From the line that contains "hand of worker" down to the last line of the listing below, reproduce each line exactly but not the pictures.

Segment Start: PROVIDED DATA

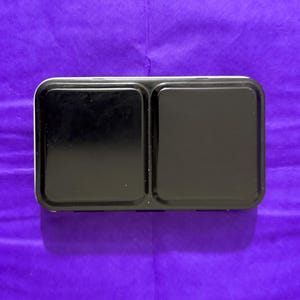 Puede incluir: Una paleta rectangular de pintura de acuarela negra con dos pozos grandes y vacíos. La paleta tiene un borde blanco y está sobre un fondo morado. Ideal para artistas y pintores.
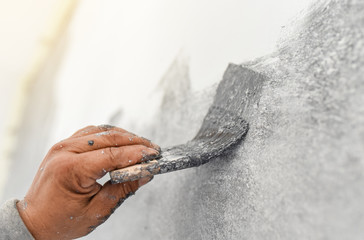 hand of worker use brush for color paint concrete Loft style on wall
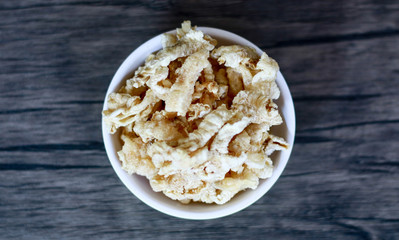 Chicken feet crackers or kripik ceker on wood background. 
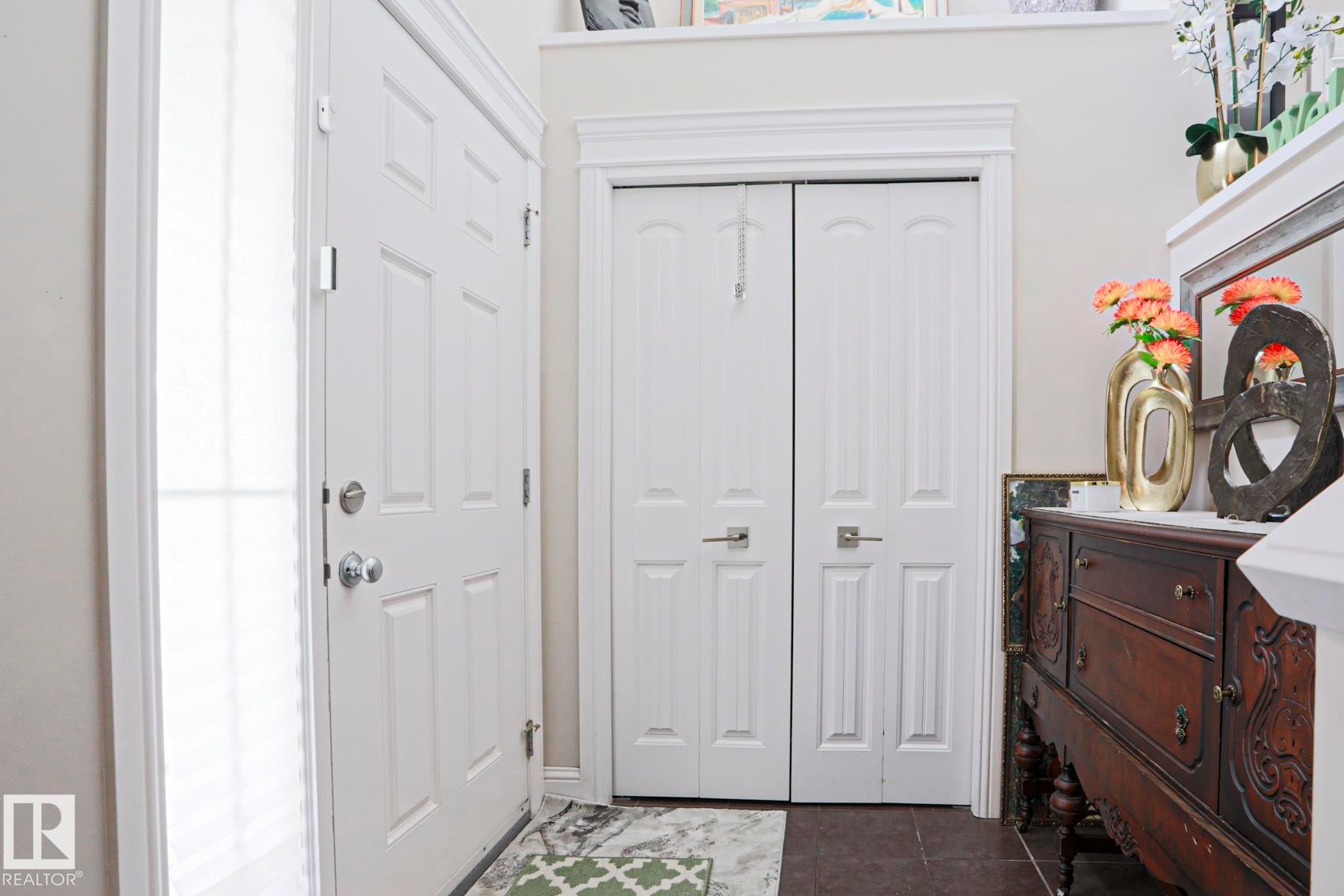 Entryway featuring a white paneled front door with a full-length sidelight, a bi-fold closet with matching hardware, crown molding, and dark tile flooring - 1621 64 Street, Edmonton, AB - Indoor Photo Showing Other Room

Segment End: PROVIDED DATA

§ **OUTPUT FOR THIS EXERCISE**:
 hand of worker use brush for color paint concrete Loft style on wall
 Chicken feet crackers or kripik ceker on wood background. 
 Entryway featuring a white paneled front door with a full-length sidelight, a bi-fold closet with matching hardware, crown molding, and dark tile flooring - 1621 64 Street, Edmonton, AB - Indoor Photo Showing Other Room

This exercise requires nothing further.